PROBLEM DETAILS: Everything from the line with "Ragdoll cats for" to the last line of the listing must be retyped exactly, both ends included, with the pictures dropped.

++++

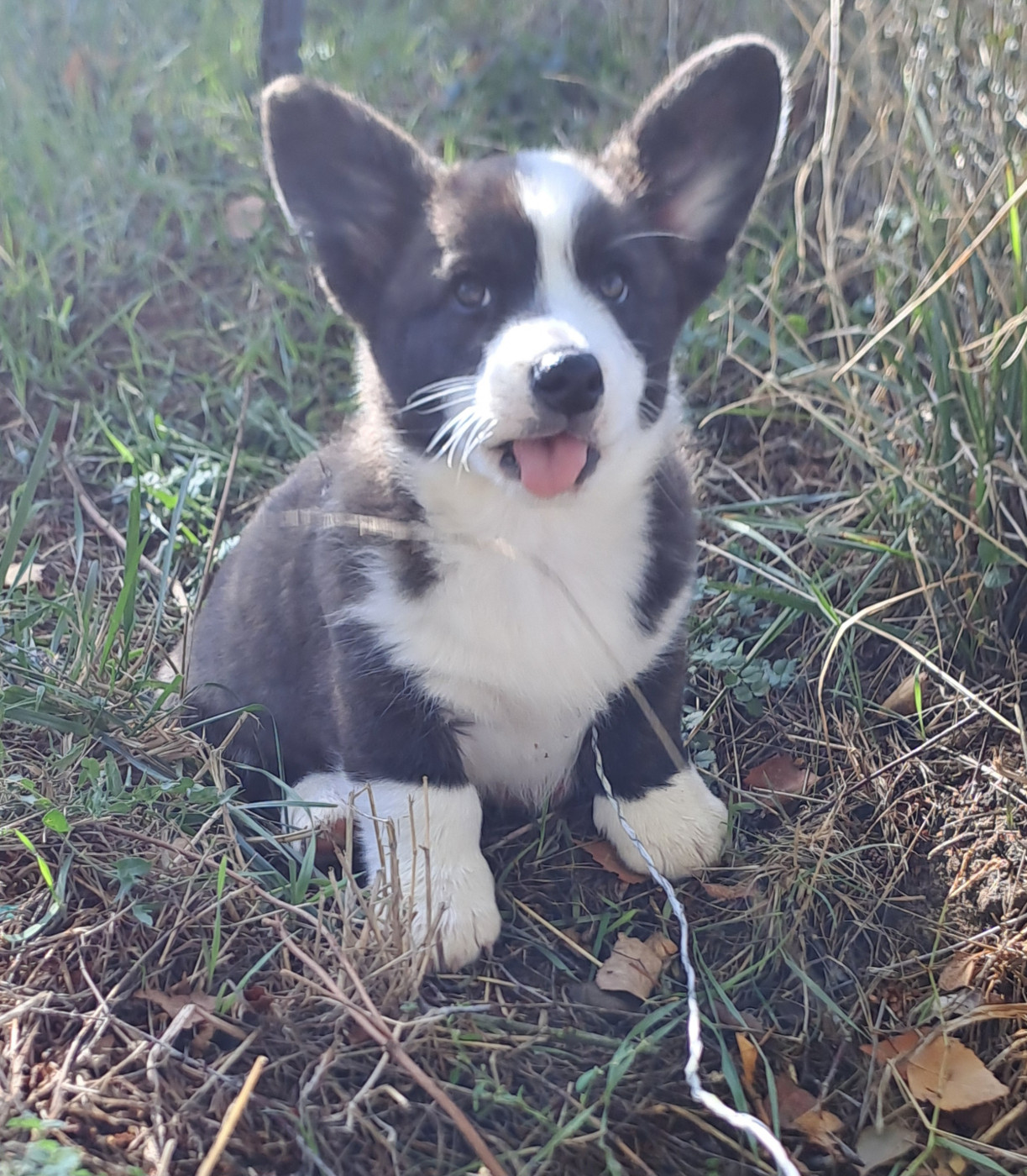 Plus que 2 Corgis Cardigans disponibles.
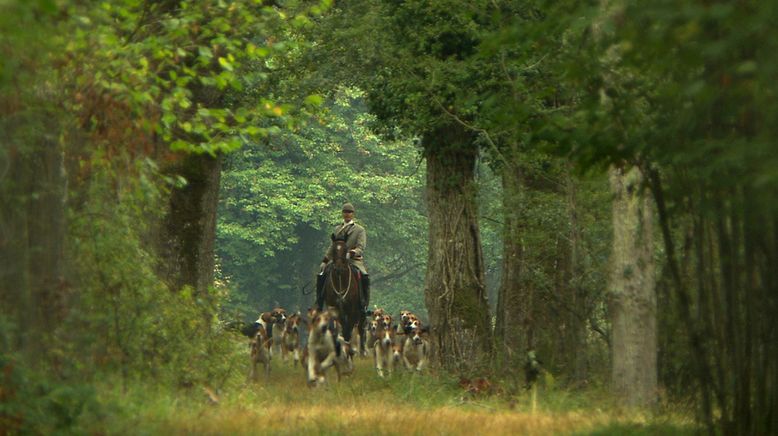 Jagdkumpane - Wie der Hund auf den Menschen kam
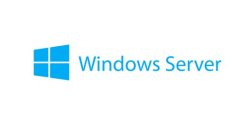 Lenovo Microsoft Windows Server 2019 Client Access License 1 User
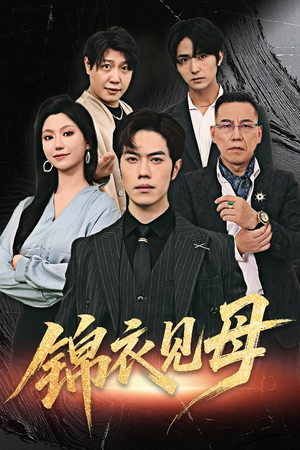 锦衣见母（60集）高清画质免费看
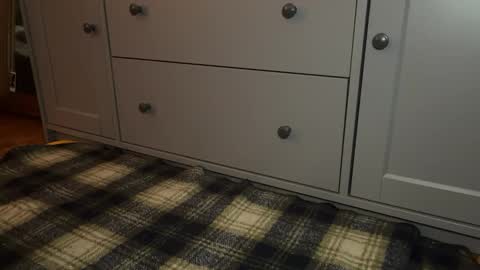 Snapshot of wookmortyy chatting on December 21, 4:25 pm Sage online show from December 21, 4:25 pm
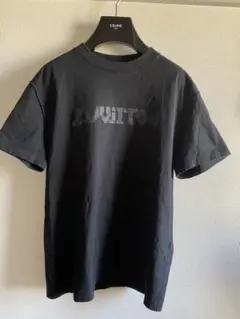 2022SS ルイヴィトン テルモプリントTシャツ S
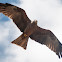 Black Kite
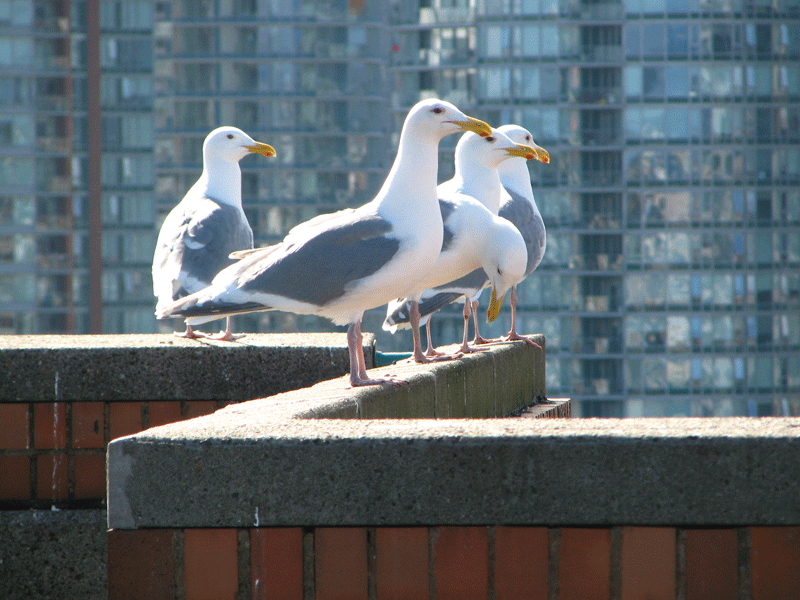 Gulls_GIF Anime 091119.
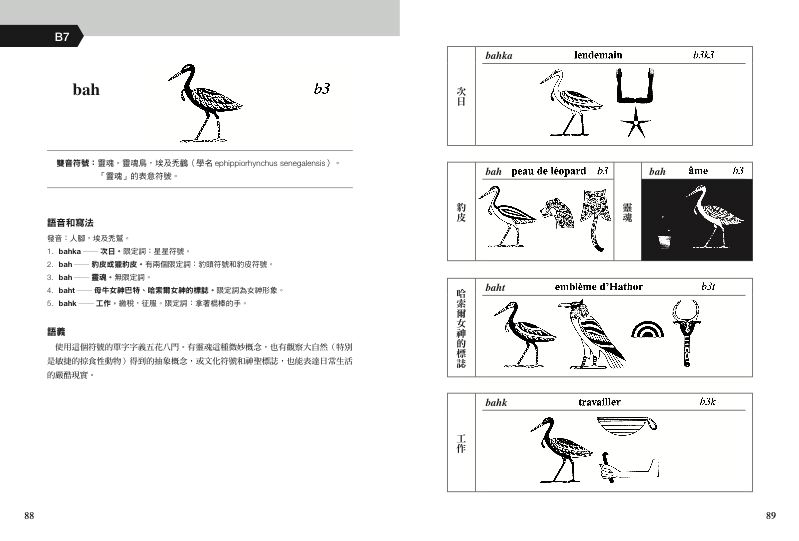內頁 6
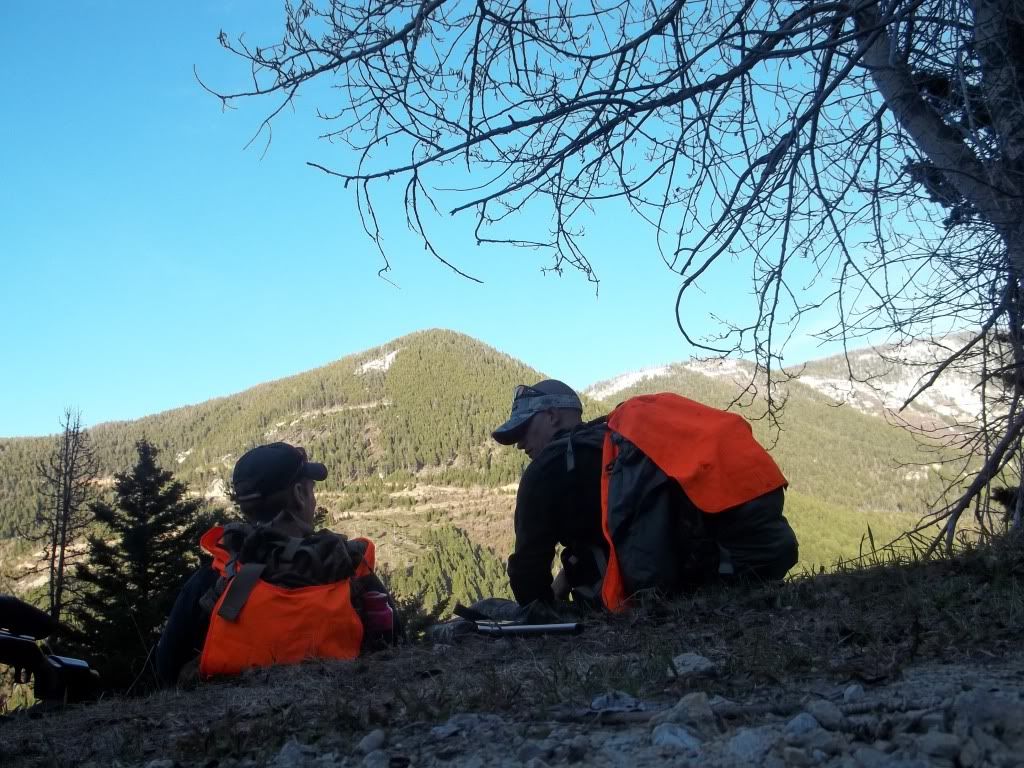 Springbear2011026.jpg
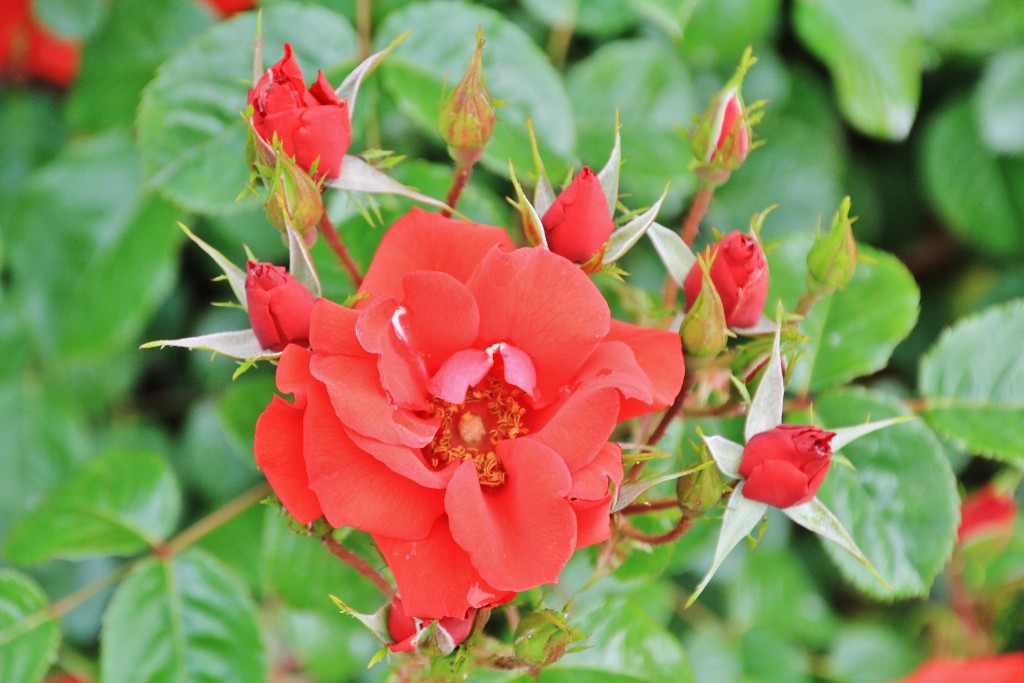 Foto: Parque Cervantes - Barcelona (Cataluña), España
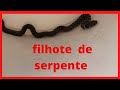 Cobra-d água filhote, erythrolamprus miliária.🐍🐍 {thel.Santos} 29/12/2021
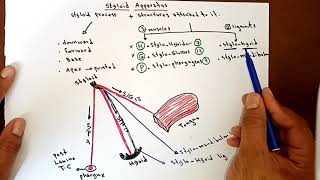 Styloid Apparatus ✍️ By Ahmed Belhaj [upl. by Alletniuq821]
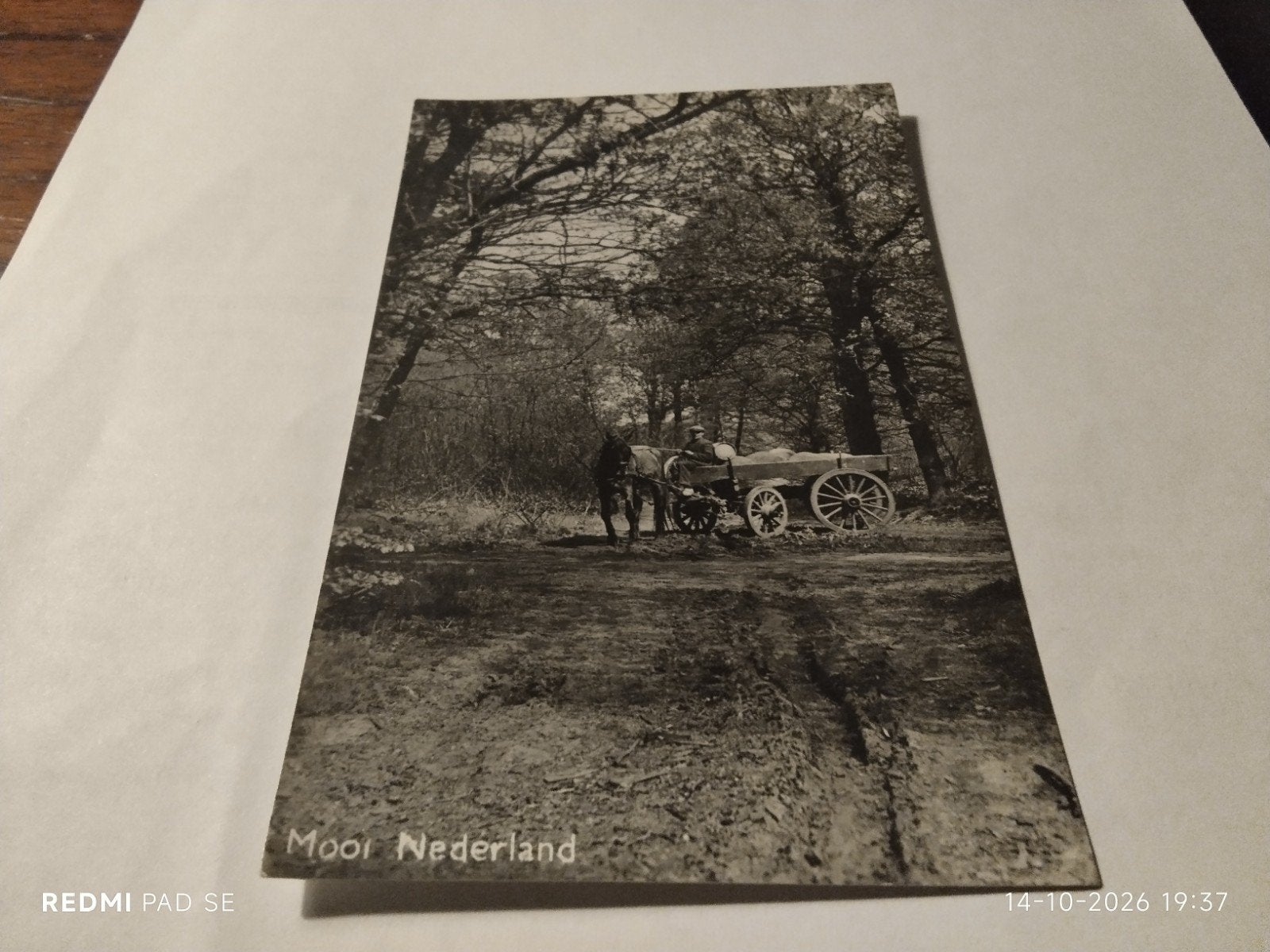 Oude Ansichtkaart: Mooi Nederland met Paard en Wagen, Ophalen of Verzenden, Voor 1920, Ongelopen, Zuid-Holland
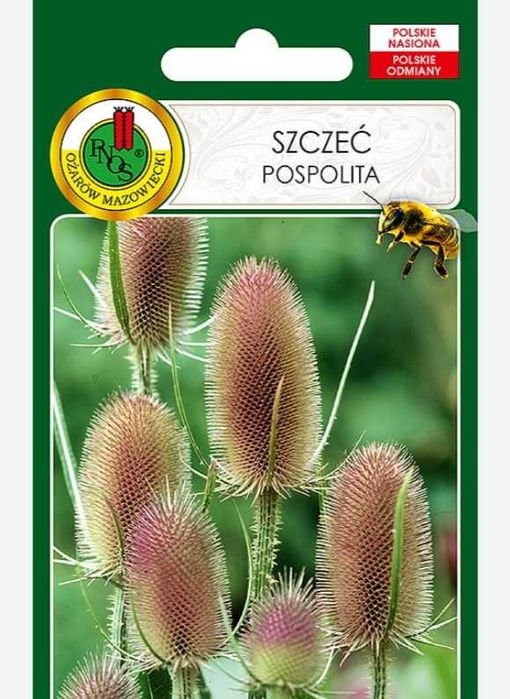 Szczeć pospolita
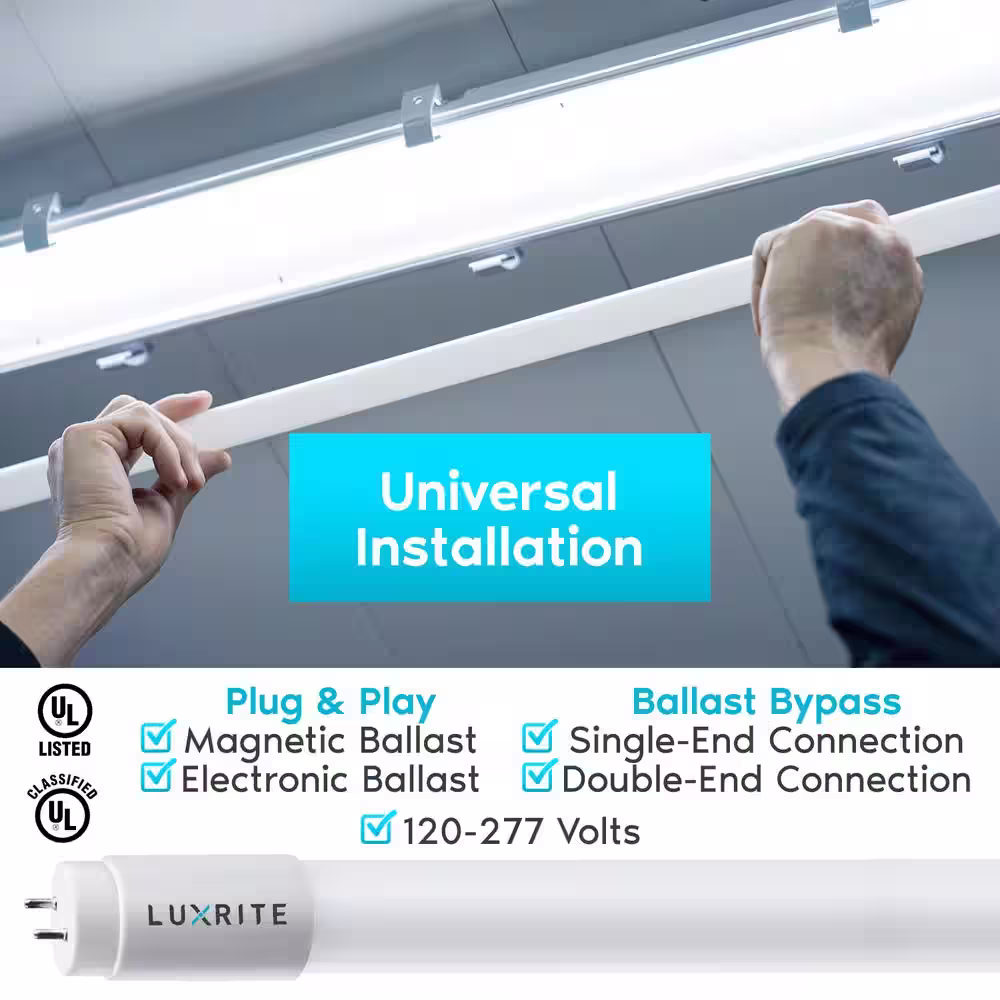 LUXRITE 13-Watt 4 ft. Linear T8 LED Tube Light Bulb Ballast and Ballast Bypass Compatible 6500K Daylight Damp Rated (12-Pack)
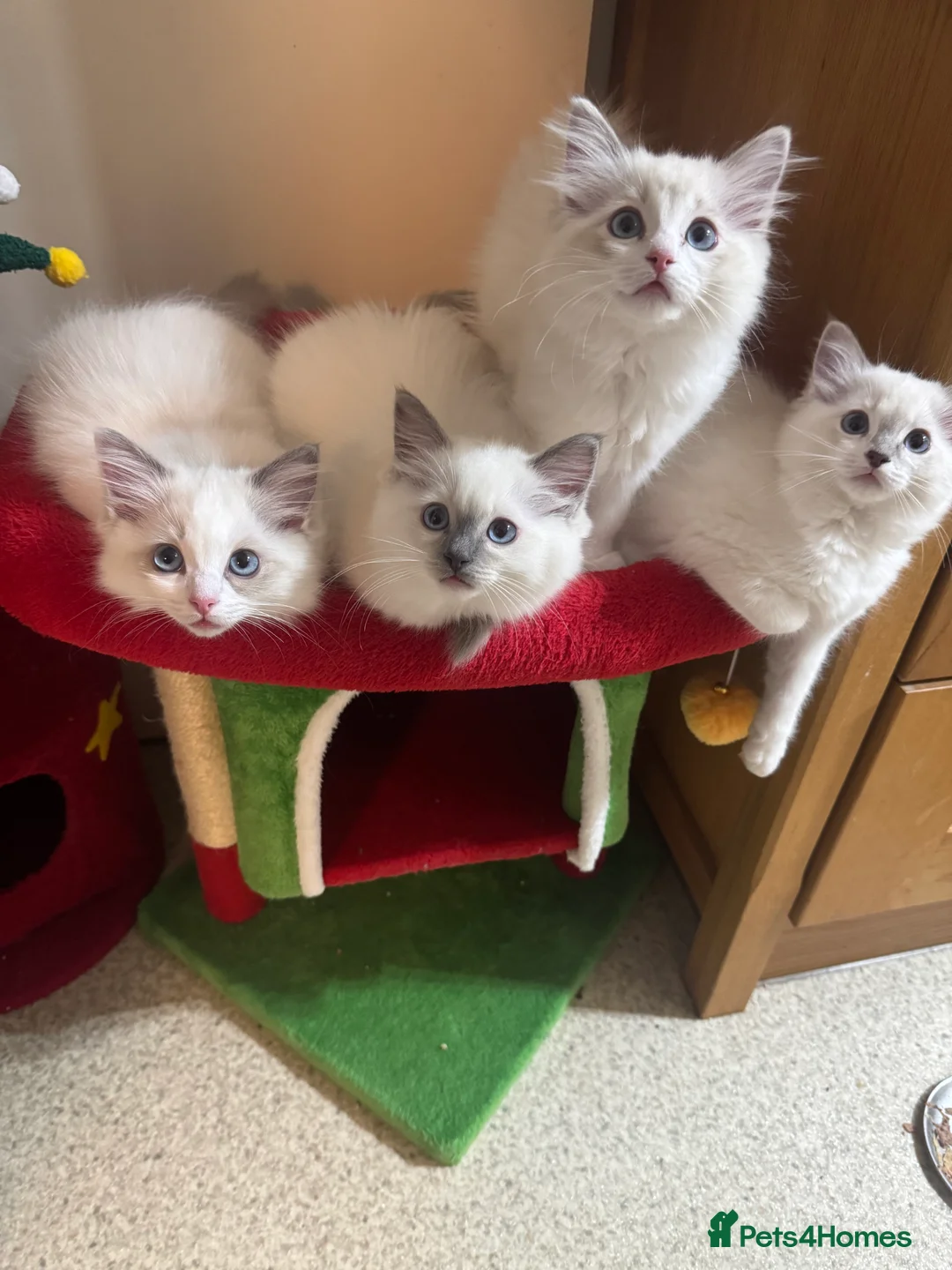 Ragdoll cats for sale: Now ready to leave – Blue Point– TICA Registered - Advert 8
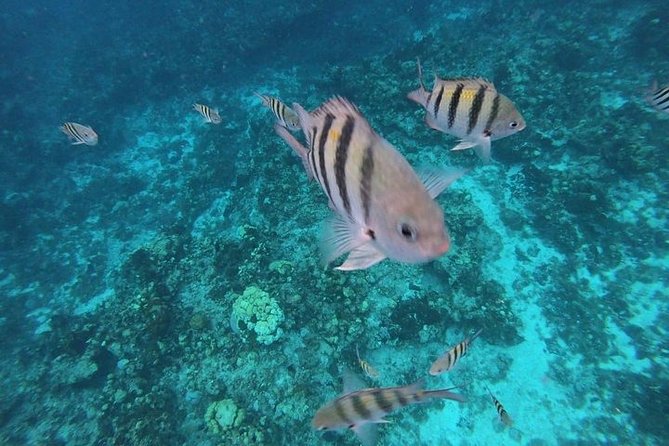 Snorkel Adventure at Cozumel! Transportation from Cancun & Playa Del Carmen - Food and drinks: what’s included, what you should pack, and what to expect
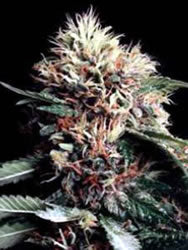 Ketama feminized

++++

SOLUTION TO THIS PROBLEM:
 Ragdoll cats for sale: Now ready to leave – Blue Point– TICA Registered - Advert 8
 Snorkel Adventure at Cozumel! Transportation from Cancun & Playa Del Carmen - Food and drinks: what’s included, what you should pack, and what to expect
 Ketama feminized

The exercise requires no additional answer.